In duplicating the lines below, keep every word unchanged and drop the pictures.

======== RECORDS SUPPLIED

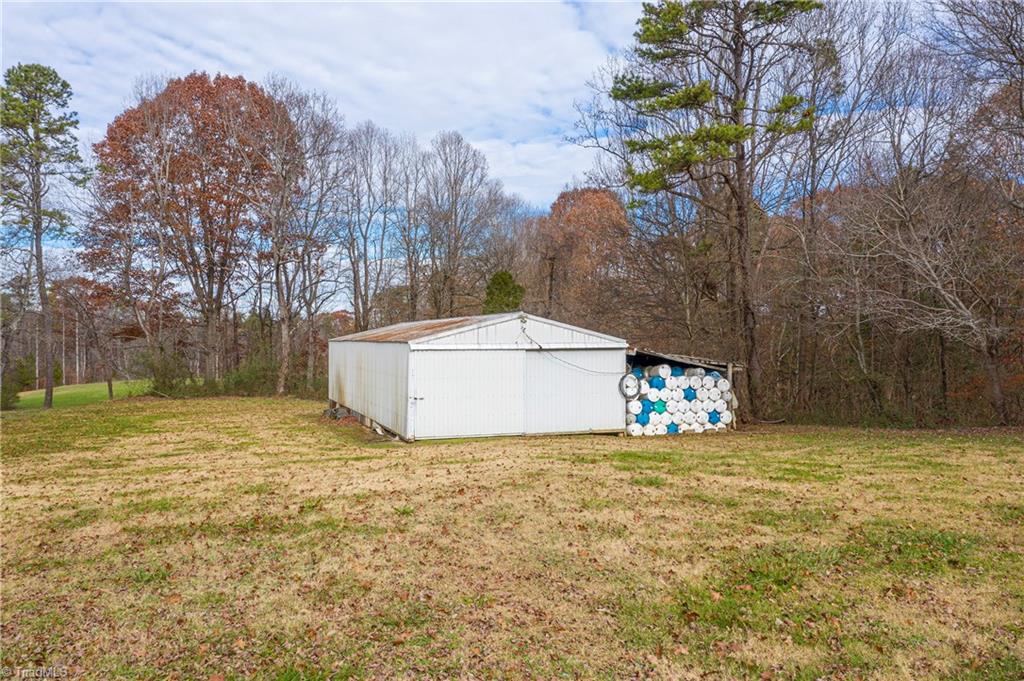 790 Community Road Lexington, NC 27295 - Photo 6 of 19 Gallery Image 6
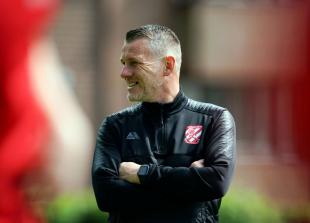 Grant header boosts Heathens while Blues collapse at Welwyn Garden City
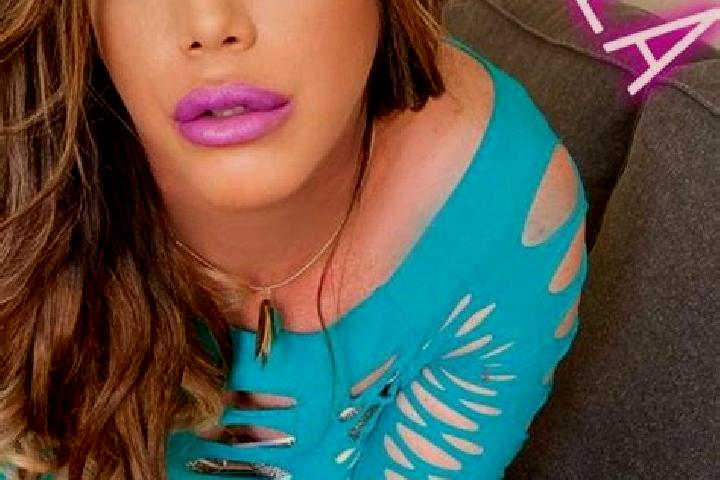 Isabella, 27 — Escort in Santiago Tlacochcalco, Mexico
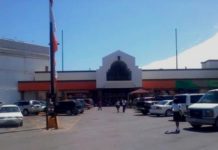 Rateros se roban unidad en estacionamiento de centro comercial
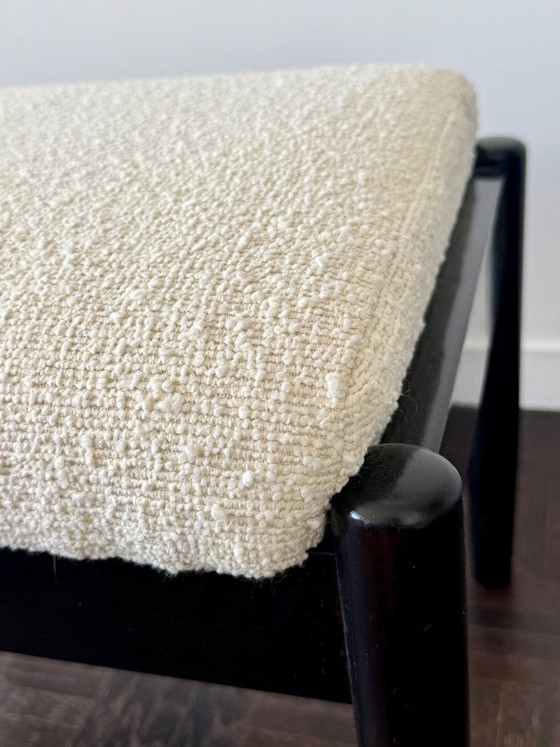 Poggiapiedi Scandinavo Vintage Tessuto Bouclé – Poggiapiedi e pouf, Textile, Wood (photo 10 of 11)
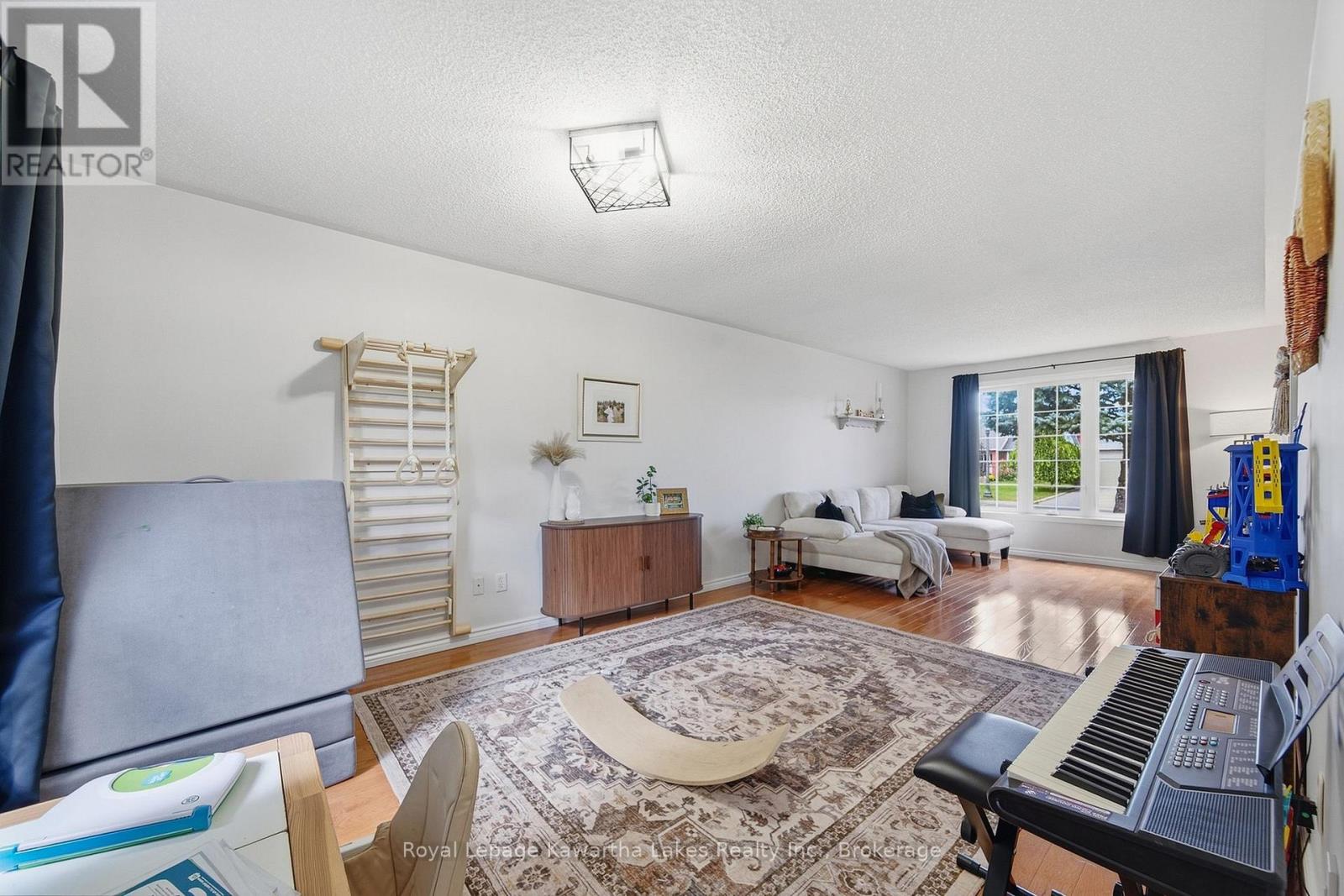 1220 WILDLARK DRIVE - Image 16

================

* [RESULT FOR THIS TASK]
 790 Community Road Lexington, NC 27295 - Photo 6 of 19 Gallery Image 6
 Grant header boosts Heathens while Blues collapse at Welwyn Garden City
 Isabella, 27 — Escort in Santiago Tlacochcalco, Mexico
 Rateros se roban unidad en estacionamiento de centro comercial
 Poggiapiedi Scandinavo Vintage Tessuto Bouclé – Poggiapiedi e pouf, Textile, Wood (photo 10 of 11)
 1220 WILDLARK DRIVE - Image 16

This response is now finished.